■ MATERIAL FOR THE TASK:
━━━
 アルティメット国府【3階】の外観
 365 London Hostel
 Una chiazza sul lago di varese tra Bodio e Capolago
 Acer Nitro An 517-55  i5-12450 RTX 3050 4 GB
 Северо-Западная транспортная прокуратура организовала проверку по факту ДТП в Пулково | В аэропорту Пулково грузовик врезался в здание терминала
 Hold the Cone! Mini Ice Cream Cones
━━━
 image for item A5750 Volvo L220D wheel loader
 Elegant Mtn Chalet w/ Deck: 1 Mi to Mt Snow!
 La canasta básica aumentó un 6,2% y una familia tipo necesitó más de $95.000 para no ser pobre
━━━
■ WHAT THE EXERCISE ASKS: In the listing above, find the line containing "Acer Nitro An" and the line containing "Hold the Cone! Mini Ice Cream Cones", then repeat those two lines and everything between them exactly.

■ SOLVED EXERCISE:
 Acer Nitro An 517-55  i5-12450 RTX 3050 4 GB
 Северо-Западная транспортная прокуратура организовала проверку по факту ДТП в Пулково | В аэропорту Пулково грузовик врезался в здание терминала
 Hold the Cone! Mini Ice Cream Cones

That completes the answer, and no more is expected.